For whatever reason, the last series of days allowed for no prose discussions. No sudden revelations of character or personality. So numbers of visitors falter off my sites, page counts drop to single digits.

   The poem grows and develops like Brendan: sudden spurts of energy, unexpected new logic    falling from his mouth.
At one time I would obsess over every statistic provided to me about traffic flow. Now, I no longer agonize over small attendance records: I need my sleep.
An infection swells on the right side of my head. Call it a dragon’s egg. An awkward hex. Sometimes at night it throbs with the body’s pulse. I take antibiotics. Place warm compresses. After two days it appears to be reducing in size. Slowly. Ever slowly.
Tonight I bathed Brendan. He may complain a little about the loss of time, but overall washing up is less problematic than it once was.

He seems to have stretched these last few days—have I said that already? Any given moment I look at him and his body transforms into a stronger state. A taller young man.

The yellow jasmine in the sie garden so far seems to survive the cold snap from earlier in the week—the arctic front which paralyzed much of the Midwest only glances at Houston. A slight lowering of temperatures into the freezing point, then a gradual return to spring-like weather.
At least the long poem project “The River, Fractured” motions forward, on a nightly basis. Some hours the lines appear easier than others—which makes common sense. I cannot expect every moment writing to be as successful as another.

The poem grows and develops like Brendan: sudden spurts of energy, unexpected new logic falling from his mouth. As of this moment, I have reached 2,102 fragmented entries—an intense stream of consciousness meditating on everything. Or nothing. A flow of creative commentary building on a grand scale.


  1. They are both block and creative inspiration - these 'sites' we maintain. Counting stats is probably the worst habit they encouraged (though you're right - that' a habit that dies away). A friend accuses me of 'intellectual masturbation' (actually he's funnier and ruder than that but...) - maintaining the blog is not to his liking. But the blog has given me an outlet I'd otherwise not have had. And I've 'met' people I'd otherwise not have met.
    Brendan sounds as though he's thriving. My lot are my joy and my muse and my torture. Which is just about right for a parent I think. I miss the early years though. Ana the baby is now almost 12. And I feel terribly old at 47 (though I know most of the parents of the very young kids I meet now are older than me again). I'm hoping to buy a copy of your book when it's published - you'll let me know when it's out? And the fragments below are wonderful - I am so curious about the commentary you're building.
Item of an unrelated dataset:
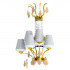Бра Beby Group Charming beauty 0250A03 Gold White White gold leaf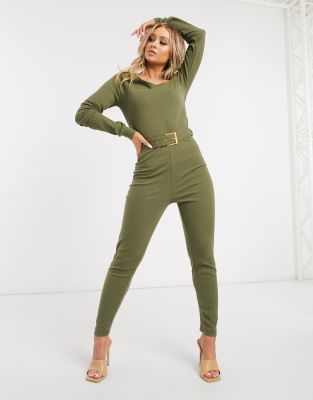 off the shoulder jogger jumpsuit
    1. So much to respond to in one comment— :)
      Even with Spring Break this week I have only now been able to catch up with e-mails and the blog.
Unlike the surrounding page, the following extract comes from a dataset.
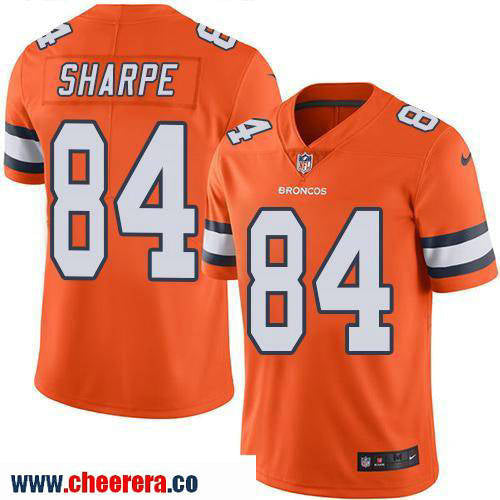 Shannon Sharpe Denver Broncos orange Color Rush jersey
      Speaking of the blog: as long as it maintains itself and sustains you, then everything is fine. Anne Sexton began writing poetry as a means of mental survival at the suggestion of her therapist. (And there are others.) If writing remains for you as creative inspiration, then go for it. I began this experiment to learn how to talk more frequently about poetry, writing for my lectures. Build up the labyrinth of material in other words. In 2015 I am pulling back a little to build up further inspirations.
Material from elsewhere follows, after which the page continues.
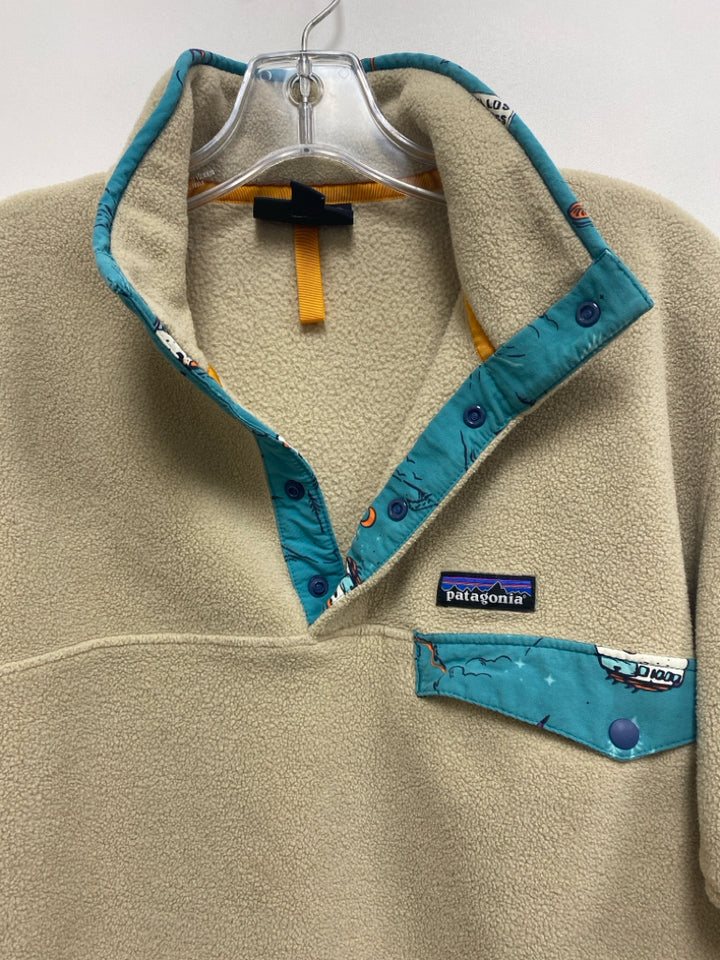 Patagonia Size S Beige Seafoam Trimmed Pullover Men&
      Like the child, for instance. He's independent streak is developing in a stronger fashion everyday— and he is only four. Some days he needs me in a major dependent fashion— some days he is ready to conquer the moon.

      The book should be ready in a matter of weeks/months. We send out the final edited-draft this weekend. The process has been exhilarating to say the least.

      You will hear more, soon. Promise!